Segment Start: Task material
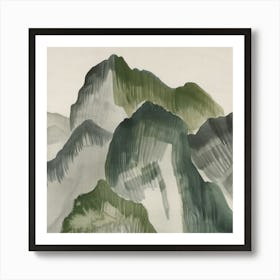 Japanese Watercolour Of Mount Nantai 3 Art Print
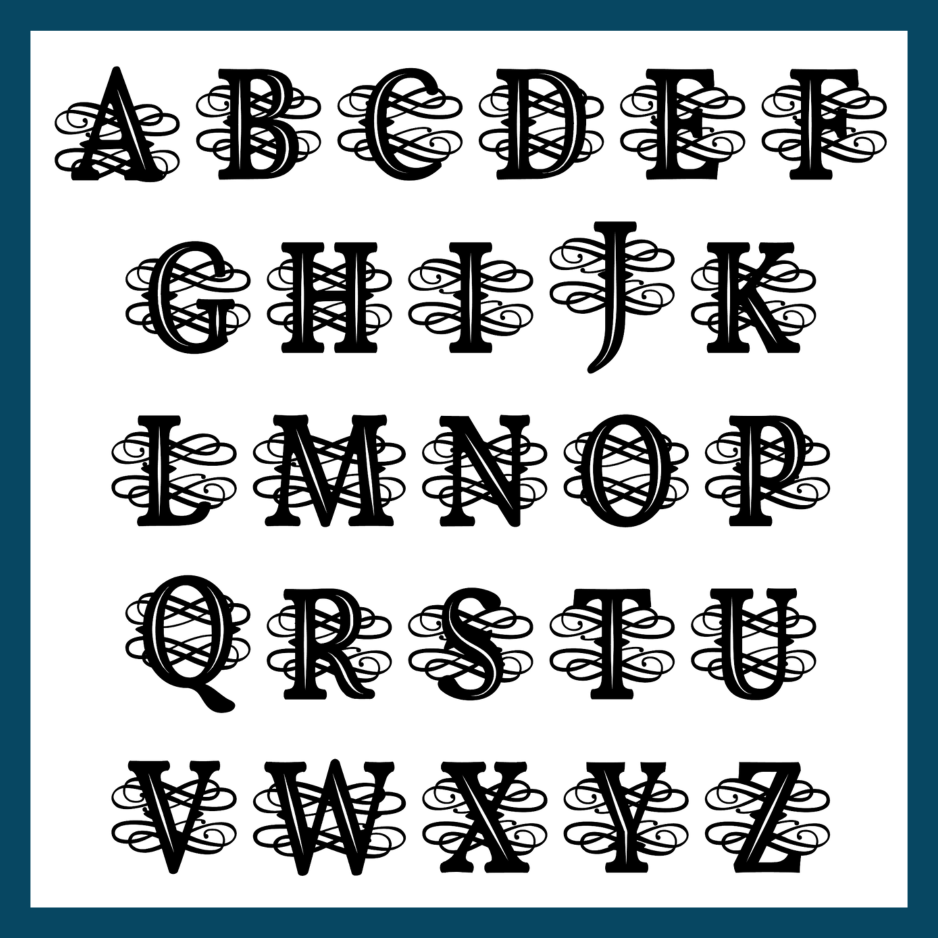 Showing an example of each monogram letter.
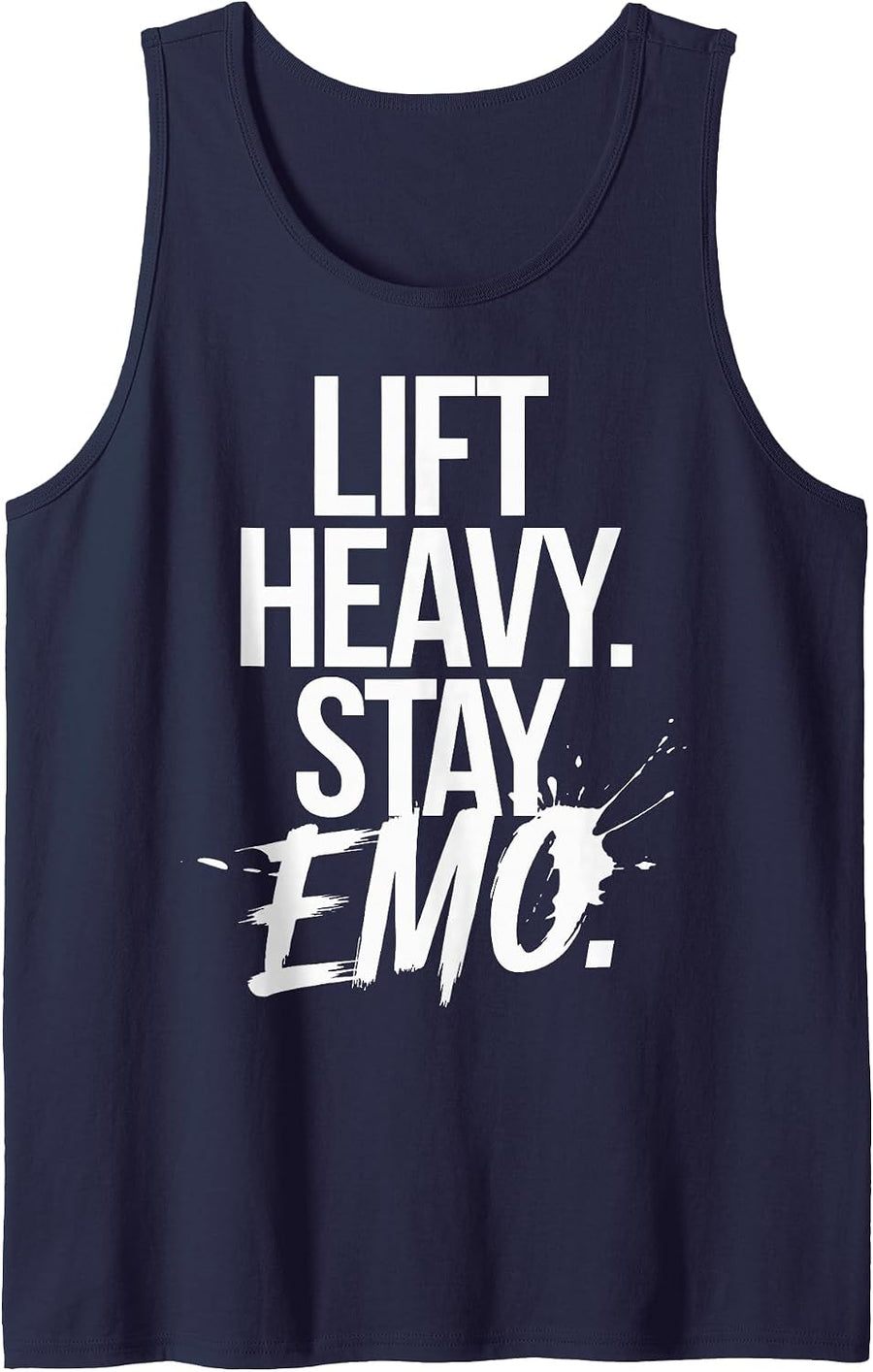 Lift Heavy Stay Emo Tank Top - Navy Blue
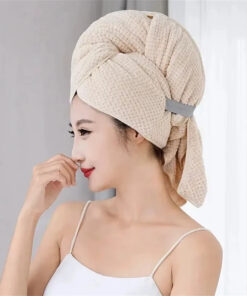 60x100cm Super Absorbent Elastic Band Head Towel for Women's Hair Drying - Extra Large Microfiber Hair Towel Wrap with Headband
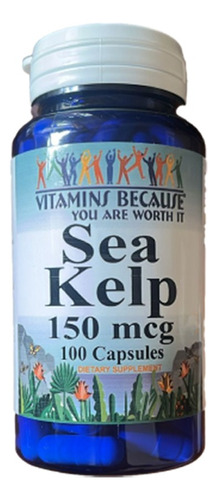 Sea Kelp 150 Mcg 100 Cápsulas Yodo Vitamins Because Usa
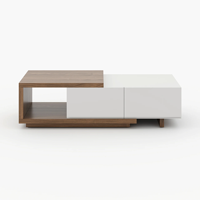 Table basse rectangulaire moderne extensible en bois de noyer blanc, durable, avec 2 tiroirs coulissants, meubles pour le salon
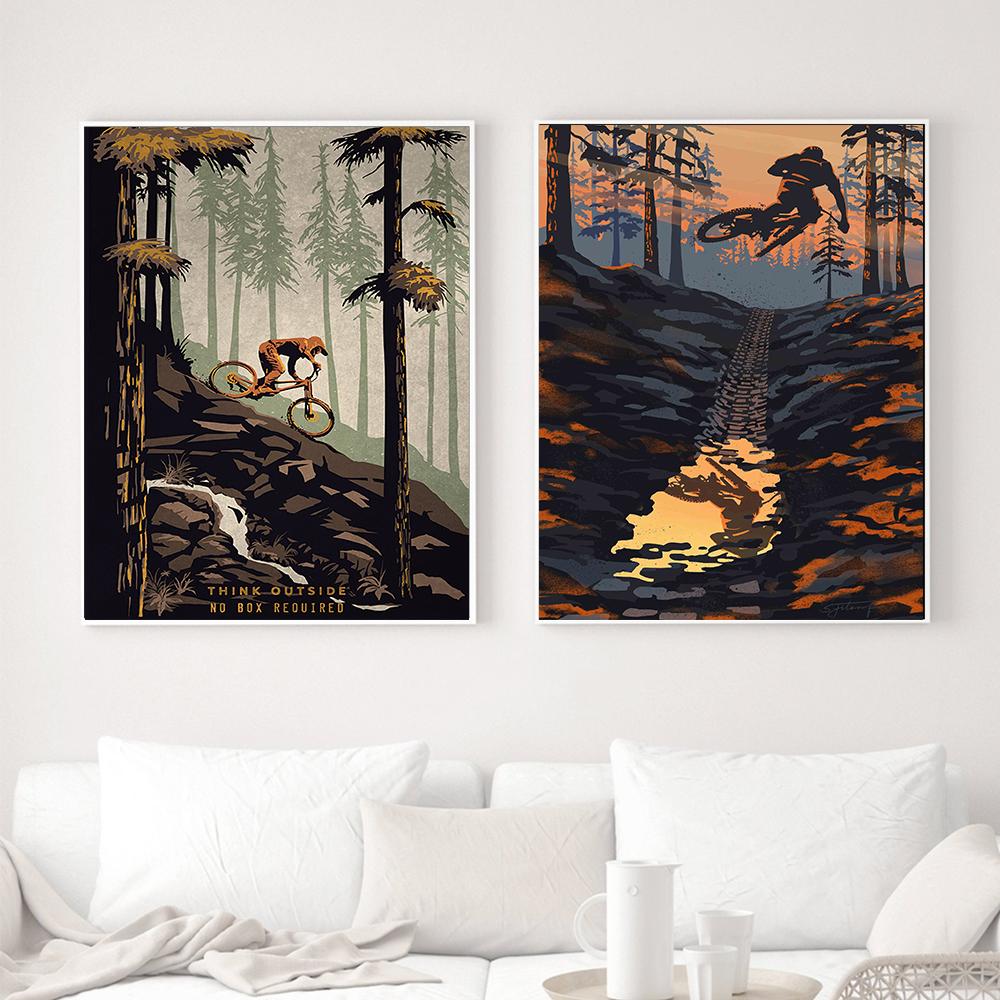 Ретро постеры с видами гор и иллюстрациями для велоспорта, масляная живопись в стиле ретро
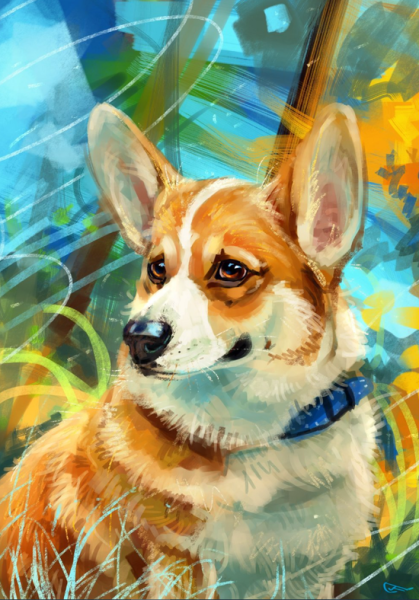 Корги пемброк арт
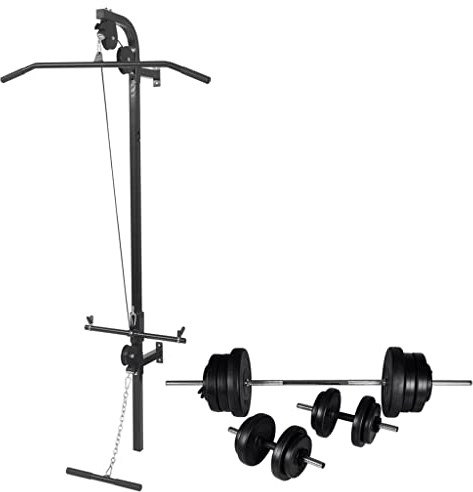 vidaXL Latzugturm Wandmontage Langhantel Kurzhantel Set 60,5kg Latzug Seilzug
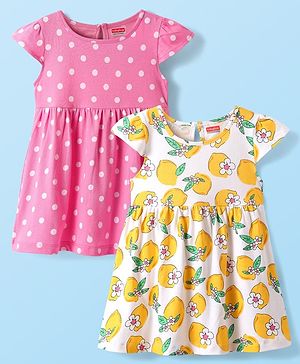 Babyhug Single Jersey Knit Short Sleeves Frocks With Polka Dots & Floral Print Pack Of 2 - Pink & White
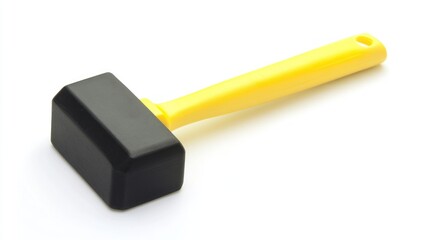 Yellow plastic handle black hammer isolated on white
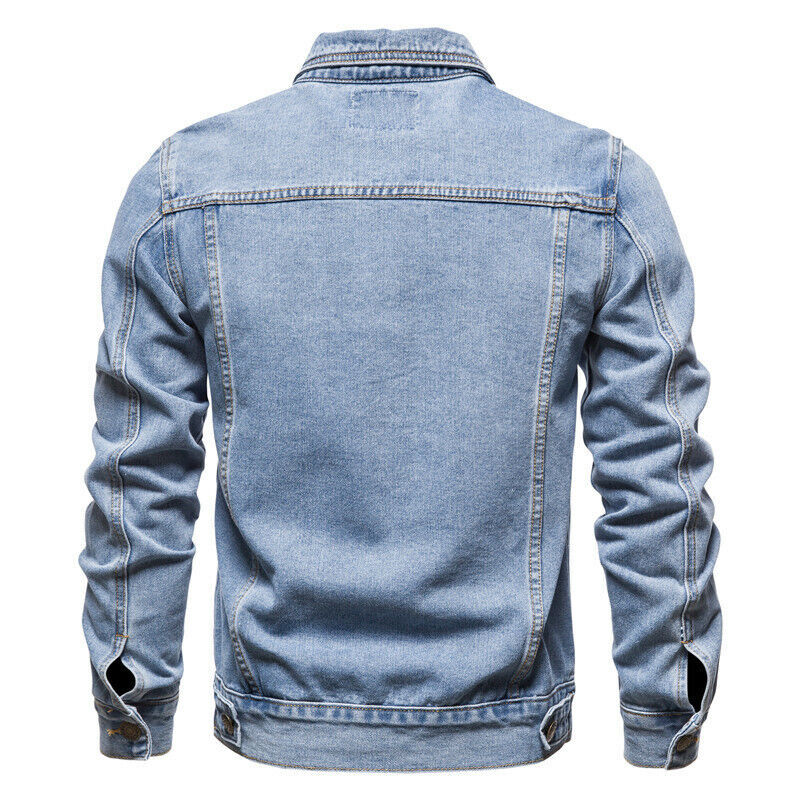 Classic Wash Denim Coat Men Patchwork Collar Men Coat Denim Jacket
Segment End: Task material
_What you will do_. All lines between the one that contains "Table basse rectangulaire" and the end of the records above, both included, are to be returned exactly as they stand, except for pictures, which are omitted.

_Result of this exercise_.
 Table basse rectangulaire moderne extensible en bois de noyer blanc, durable, avec 2 tiroirs coulissants, meubles pour le salon
 Ретро постеры с видами гор и иллюстрациями для велоспорта, масляная живопись в стиле ретро
 Корги пемброк арт
 vidaXL Latzugturm Wandmontage Langhantel Kurzhantel Set 60,5kg Latzug Seilzug
 Babyhug Single Jersey Knit Short Sleeves Frocks With Polka Dots & Floral Print Pack Of 2 - Pink & White
 Yellow plastic handle black hammer isolated on white
 Classic Wash Denim Coat Men Patchwork Collar Men Coat Denim Jacket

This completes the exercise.